* [Requirement]:
Where the records below show a line containing "แพคคู่สุดคุ้ม400+400ml. เนเชอแคร์ แฟบริค", start copying; end with the line containing "[Shota Mangaya-san (orukoa)]", and copy it too.

* [Data for processing]:

================================

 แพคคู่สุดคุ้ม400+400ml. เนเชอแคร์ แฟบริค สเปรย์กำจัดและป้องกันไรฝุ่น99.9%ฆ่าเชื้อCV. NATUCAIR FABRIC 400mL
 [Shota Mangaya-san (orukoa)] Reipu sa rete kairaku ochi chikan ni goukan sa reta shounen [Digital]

================================

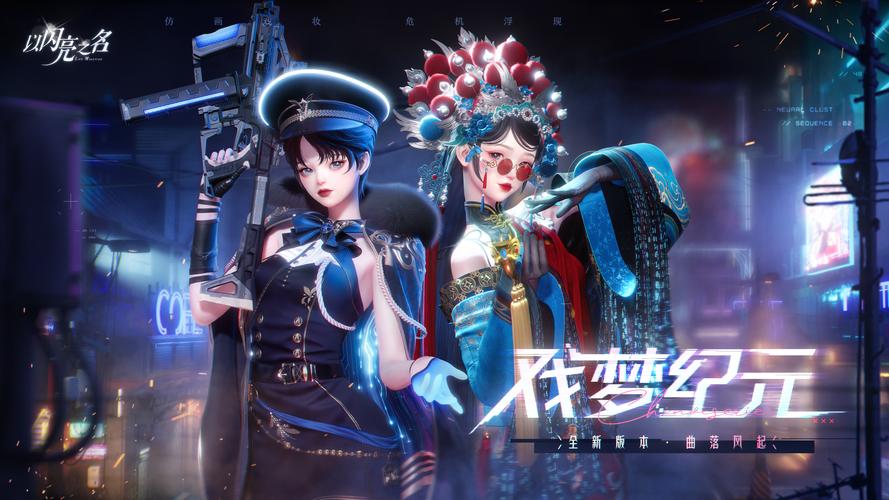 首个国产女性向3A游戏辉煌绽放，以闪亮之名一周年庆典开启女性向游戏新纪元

================================

* [Output for this exercise]:
 แพคคู่สุดคุ้ม400+400ml. เนเชอแคร์ แฟบริค สเปรย์กำจัดและป้องกันไรฝุ่น99.9%ฆ่าเชื้อCV. NATUCAIR FABRIC 400mL
 [Shota Mangaya-san (orukoa)] Reipu sa rete kairaku ochi chikan ni goukan sa reta shounen [Digital]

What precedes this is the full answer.